August 18, 2004 | The gene underlying a rare, fatal inherited disorder, which may shed light on the mystery of sudden infant death syndrome (SIDS), has been identified thanks to new technology and old-fashioned medicine.

Doctors in a small Pennsylvania Amish community and researchers at the Translational Genomics Research Institute (TGen) in Arizona were able to pinpoint the gene in record time, with only a handful of samples, using Affymetrix’s GeneChip Mapping 10K arrays and Silicon Genetics’ Varia genotyping software.

“This is not the ‘gene for SIDS,’” cautions Debra Weese-Mayer of Rush University in Chicago. However, the discovery supports the notion that genetics plays a role in at least some SIDS cases. The work was published online by the Proceedings of the National Academy of Sciences.

This rare inherited disorder is named “sudden infant death with dysgenesis of testes” (or SIDDT) because boys with the condition have abnormal testes. The affected children invariably die of sudden cardiac and respiratory arrest within the first year of life.
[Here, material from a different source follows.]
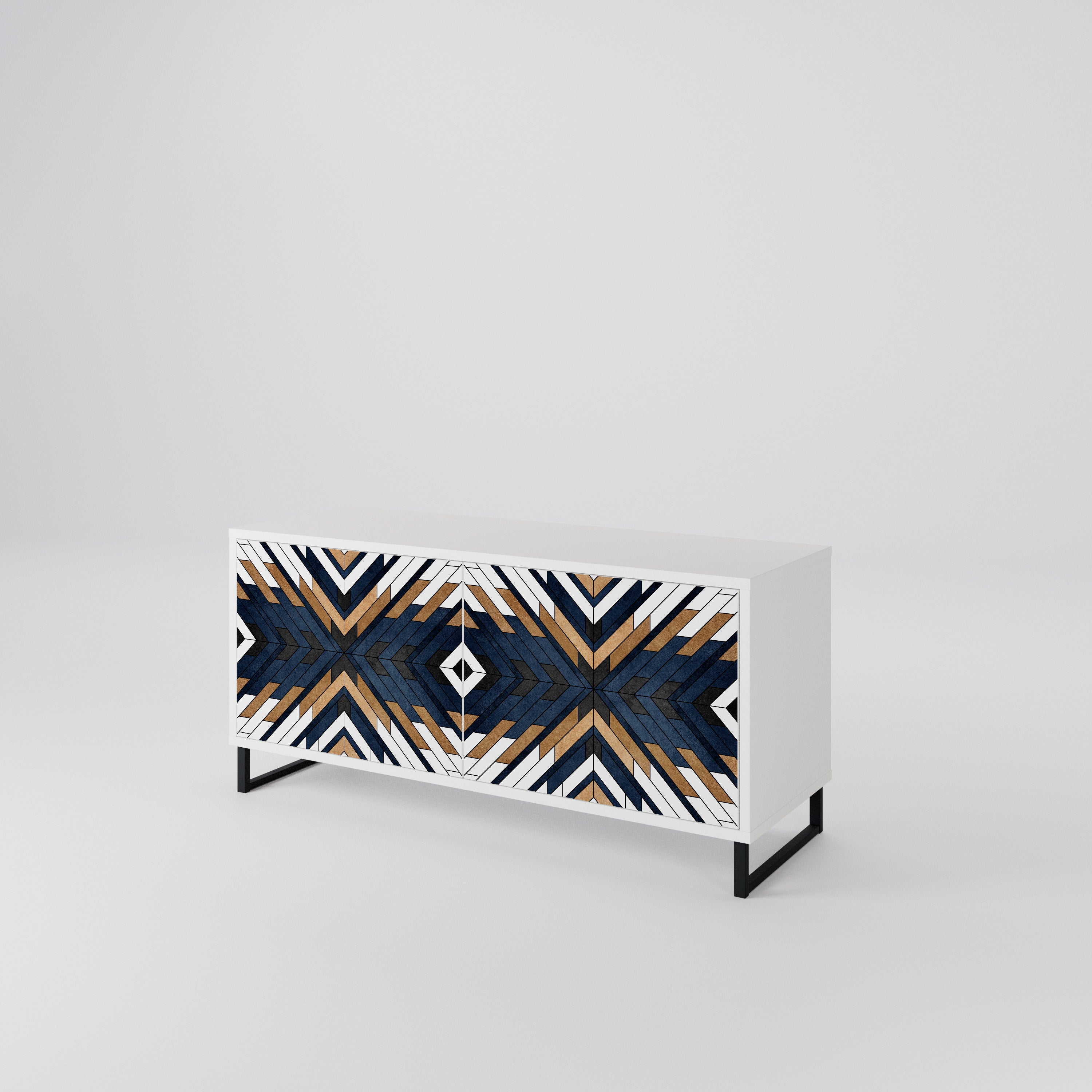 ARTFUL GEOMETRY Kompakt TV-bänk med 2 dörrar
In nine related Amish families, the disease is clearly inherited as a recessive disorder: In two generations, 21 children died. “One feature that distinguishes these babies is an unusual cry,” says Erik G. Puffenberger, laboratory director at the Clinic for Special Children and first author of the PNAS paper. The cry is described as similar to the staccato bleating of a goat. “But there is no way to identify these babies at birth, even though they are neurologically abnormal,” Puffenberger says.

Starting with DNA samples from four affected children, their parents, and relatives, the researchers narrowed the defective gene to a stretch of chromosome 6. Two of the 27 genes in the critical region were expressed in the testis, one of which, TSPYL, proved to be the errant gene. All the deceased infants possessed two copies of the mutated gene, while each of their parents carried one faulty copy.

The study would have taken much longer, and many more samples, without powerful new technology. “With these [Affymetrix] chips, we can analyze more than 10,000 SNPs at once. That’s about one every 210,000 base pairs,” says Dietrich Stephan, senior author and TGen’s director of neurogenomics. Stephan’s TGen laboratory is set up for “industrialized” genotyping, completing analysis of the first dozen samples in only three weeks, rather than the months frequently required to process hundreds of samples.

TGen chose the Affymetrix platform because of the group’s familiarity with that company’s expression analysis chips and because of the chips’ “unprecedented throughput, accuracy, and minimal cost,” Stephan says. Affymetrix donated the chips for this particular study.

Stephan also credits the role of the Varia program. “Most of the traditional linkage analysis packages are not geared up to handle these many genotype calls, so the genomewide analysis must be chopped up into smaller-sized pieces and then stitched together afterwards,” he says. “The visualization capabilities of the Varia software are excellent.”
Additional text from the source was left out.